## Data excerpts
"""

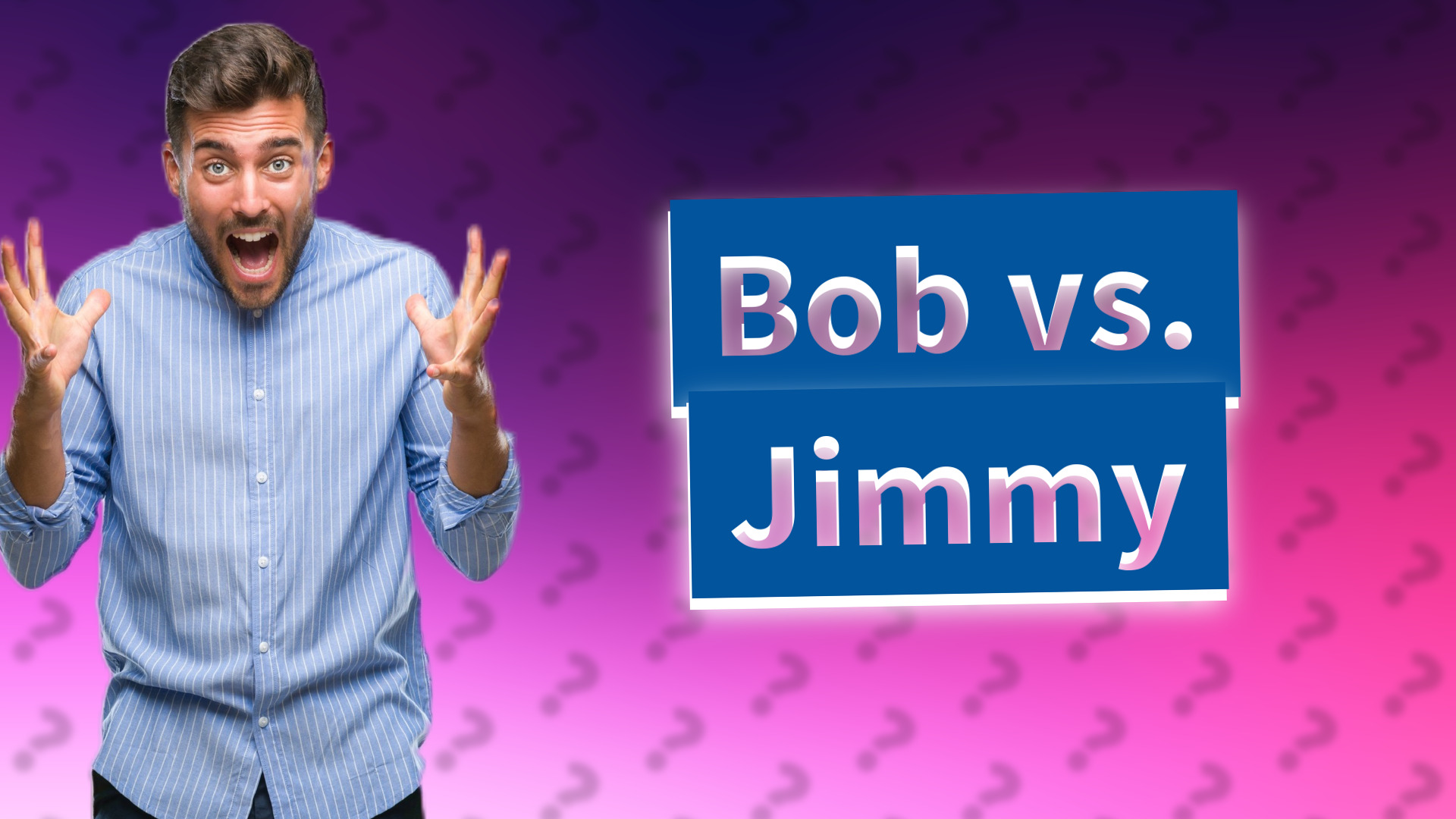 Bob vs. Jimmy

"""
"""

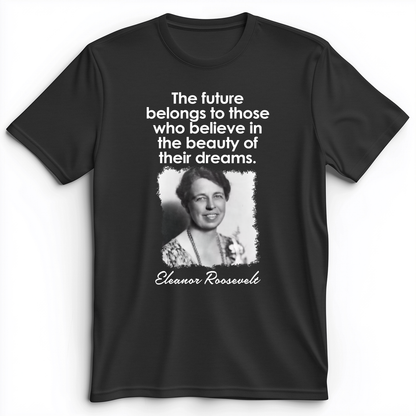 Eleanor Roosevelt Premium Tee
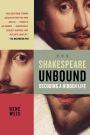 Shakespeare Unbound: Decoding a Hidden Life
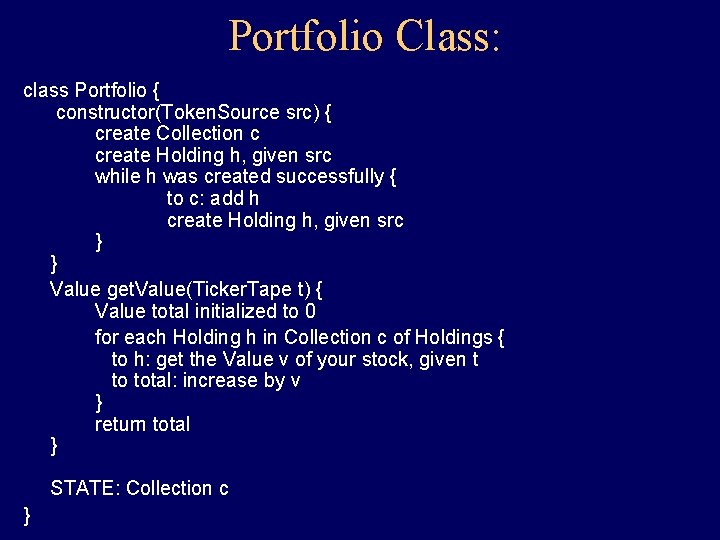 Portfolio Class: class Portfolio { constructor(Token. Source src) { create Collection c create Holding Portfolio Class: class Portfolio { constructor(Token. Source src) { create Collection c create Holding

"""

## Work instruction
Reproduce the data above exactly, but only from the line containing "Shakespeare Unbound: Decoding a Hidden Life" through the line containing "create Holding Portfolio"; skip the pictures.

## Response area
 Shakespeare Unbound: Decoding a Hidden Life
 Portfolio Class: class Portfolio { constructor(Token. Source src) { create Collection c create Holding Portfolio Class: class Portfolio { constructor(Token. Source src) { create Collection c create Holding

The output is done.